YO, EL PEOR DE TODOS
Mientras tanto, en el
mismo momento, en Teherán, Mahmud Ahmadineyad, el presidente "canalla"
del más canalla de los estados, Irán, contra el cual todos en Oriente
Medio esperan una guerra en el inminente verano boreal, organizaba una
ceremonia pública, con la cual liberaba a los 15 marinos británicos
detenidos dos semanas atrás. La llamada prensa mainstream, aquella
decena de grandes grupos mediáticos que deciden lo que el mundo debe
saber y lo que no, durante años nos explicó qué tan eficientes son los
cuerpos especiales británicos en penetrar en territorio enemigo,
incluido Irán, y retirarse impunemente. Esta vez que los iraníes los
habían sorprendido, arrestando a los 15 en flagrancia de violación, sin
que volara ni una bala o que le fuera tocado un pelo a los presos, la
misma prensa había decidido que no podía ser, y que los caballeros
ingleses jamás se hubieran tomado el atrevimiento de avasallar nada y
mucho menos el territorio iraní. Ya que los anglosajones nunca
tratan con el enemigo, como se sabe, y frente a la testarudez de los
ayatolás de pedir por lo menos una disculpa del premier británico Tony
Blair, la liberación de los 15 se complicaba y el caso tomaba una
dañina relevancia mediática. Hasta que, mágicamente, los estadounidense
"blanquearon" la detención de cinco diplomáticos iraníes, secuestrados
hace dos meses en el consulado de Irán en el Kurdistán iraquí. La
liberación de los marineritos entonces pudo ser y se transformó en una
fiesta. Los vistieron como los Beatles al tiempo de "Love me do" y a la
única chica del grupo le pusieron un foulard como si saliera de una
misa de Pascua en los cincuenta. Sonrisas, abrazos y amistad en un
concierto orquestado por un excelente director de espectáculos
televisivos, donde el protagonista era él: Mahmud Ahmadineyad. Conocido
por su negacionismo del holocausto, esta vez Ahmadineyad aparecía en
vivo y en directo delante de todas las televisiones del mundo con una
sonrisa buena y triste, perfecta para la circunstancia, que parecía
sacada de una película neorrealista italiana.
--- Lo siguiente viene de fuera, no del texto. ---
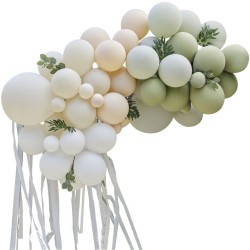 Kit 70 arco di palloncini - Talpa,  Pesca e Salvia con eucalipto,  fogliame e festoni. n1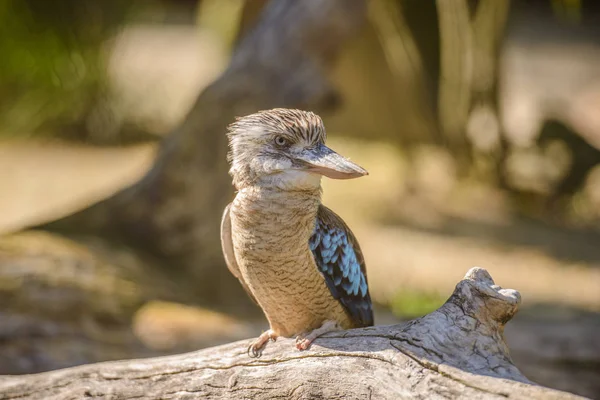 Blauwe gevleugelde kookaburra portret — Stockfoto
Iba con un traje de esos
que llevaban los inmigrantes que bajaban en el puerto de Montevideo en
la posguerra. No era elegante, por supuesto. Pero lo importante era que
aparecía inofensivo y haciendo un gesto generoso como la liberación
-oficialmente sin condiciones- de 15 soldaditos presos. No debe ser tan
mal tipo, deben haber pensado millones de espectadores de la BBC o la
CNN.
EL MEDIO ES EL MENSAJE
Si hasta Assad y Ahmadineyad
aprenden a vivir en una sociedad mediática, la tarea de los teóricos
del choque de civilizaciones y de las guerras infinitas se vuelve
difícil. George Bush para bombardear la Mesopotamia bíblica, con más de
5 mil años de historia y esplendorosa civilización, aprovechándose de
dos extraordinarias ignorancias (la suya y la de sus electores),
teorizó que Irak era el rincón más oscuro del mundo. Hoy va a ser más
complicado barrer con un B52 un mercadito de Damasco donde Nancy Pelosi
tomó té y comió dátiles delante de millones de televidentes y todo el
mundo se dio cuenta de que ni siquiera sabía dónde tirar los carozos.
Tardamos años para demonizar el "eje del mal" y ahora por unos dátiles... Se
consumó así un desastre mediático: humanizar al enemigo que se pretende
borrar del mapa. La virulencia con la cual Bush atacó a Pelosi lo
atestigua. Con la guerra que va mal en todos los frentes, las
consecuencias negativas para los anglosajones son varias. En primer
lugar se manifestó que, aunque extraoficialmente, también los
anglosajones tratan con el enemigo. El canje marinos/diplomáticos cortó
el impulso a las críticas contra aliados como Italia que dialogan para
liberar a sus rehenes (veáse Mapa de la Semana). En segundo lugar se
hizo evidente la existencia de una política exterior estadounidense
alternativa a la neoconservadora. Pelosi hizo propio el informe
Baker-Hamilton que frente al desastre iraquí recomendaba el diálogo con
Siria e Irán. Aunque fuentes oficiales israelíes lo hayan negado,
Pelosi ha entregado a Assad un mensaje del primer ministro israelí,
Ehud Olmert, que va en el mismo sentido: búsqueda de diálogo. Siria e
Israel no se hablan desde la ruptura del año 2000 entre Ehud Barak y
Afees Assad, padre del actual presidente. En qué medida la postura de
Pelosi pueda abrir espacios para un cambio de la política exterior
estadounidense todavía está por evaluarse. La BBC tituló el encuentro
entre Pelosi y Assad como "Nancy Pelosi encontró el mal". Ni ellos
saben si era un título irónico o si iba en serio.
Trivia
En el origen de la expresión "eje del mal" está el pensamiento de David J
Frum, un neoconservador canadiense de 47 años que trabajara en su
momento elaborando los discursos del presidente de Estados Unidos,
George W Bush. Fue precisamente Bush quien hizo célebre ese concepto en
su discurso del Estado de la Unión del 29 de enero de 2002, incluyendo
en el término a Irak, Irán y Corea del Norte. Siria fue agregado algo
más tarde, aunque si se bucea en el tiempo es posible encontrar el
artículo que en agosto de 1992 Yossef Bodansky tituló "Teherán, Bagdad
& Damasco: El nuevo pacto del eje".
Carta a Bush
¿Acaso
ahora quieren lanzar amenazas contra Irán? Déjenme decirles algo acerca
de Irán, porque yo he estado allí y ustedes no. Irán es un gran país.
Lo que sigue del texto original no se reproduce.